The shoppers were keen to get cracking, but we hadn’t finished with mountain railways yet. The Gornergrat-Monte Rosa railway, the first electric rack railway in Switzerland, started service from Zermatt more than 100 years ago. It climbs 1,400 metres into the lee of the Matterhorn, and it is still the main access to the pistes for Zermatt’s skiers.
We didn’t climb aboard the train to ski, however. We had come to test one of the most serious toboggan runs in the Alps, run by the Gornergrat railway company. The system is simple: rent your sledge at Rotenboden station, then follow the run down to Riffelberg, dust yourself down and rejoin the train to go back up.
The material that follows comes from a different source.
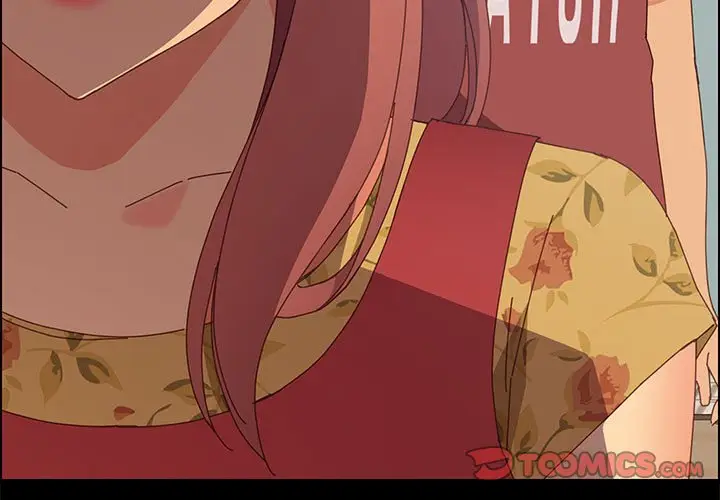 漫画《美好的寄宿生活》第19章第3张图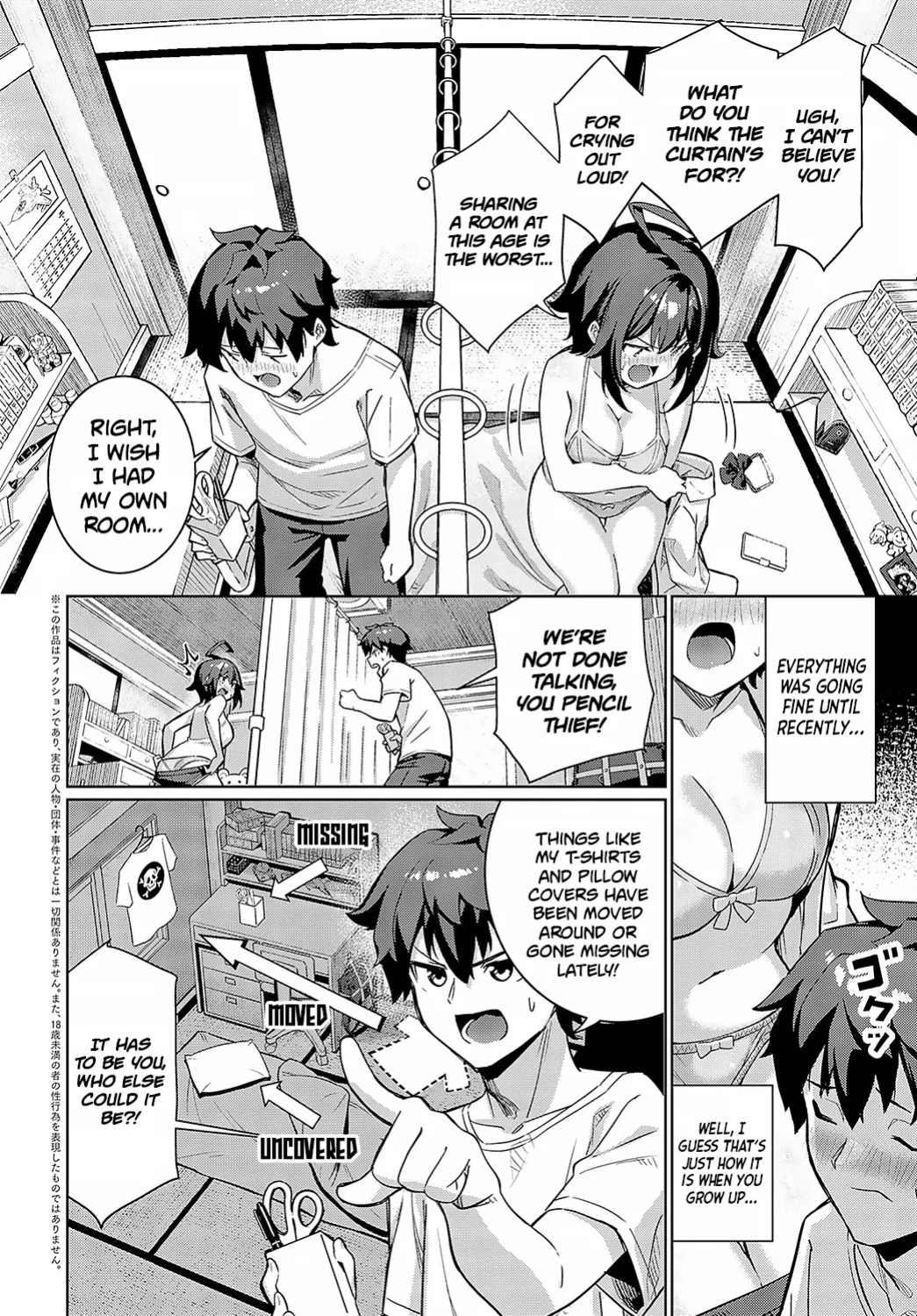 [Yokoya Manjirou] Onaji Heya, Onaji Kimochi | Same Room, Same Feeling (COMIC Anthurium 2024-03) [Project Valvrein]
The system may be simple, but the toboggan run is not. It gets progressively steeper. By the time the four of us were reunited at the end of our first attempt, we were dishevelled and shaken. No one was raring to go up and do it again.
The next time, though, was better, and gradually we learned to master the toboggans and take a line on the corners. By early afternoon we could all come hurtling down the run without mishap, ululating around the corners and braking as little as possible.
Back in Zermatt that evening we were probably more bruised than everyone else doing the rounds of the boutiques: but how many of them had been using a sledge to catch a train?
NEED TO KNOW
Getting there: Andrew Eames and family travelled with the Switzerland Travel Centre (00 800 1002 0030, www.MySwitzerland.com), which offers two-night packages from £1,413 for two adults and two children under 13. The price includes B&B in a family room at the Hotel Perren in Zermatt and Hotel Schweizerhof in St Moritz and three-day rail passes which cover the Glacier Express with meals on the train. Flights to Geneva are not included but can be arranged.
Reading: Great Railway Journeys of Europe (Insight Guides, £16.99); Switzerland: Rail, Road, Lake (Bradt, £12.95).
Further information: Glacier Express (www.glacierexpress.ch).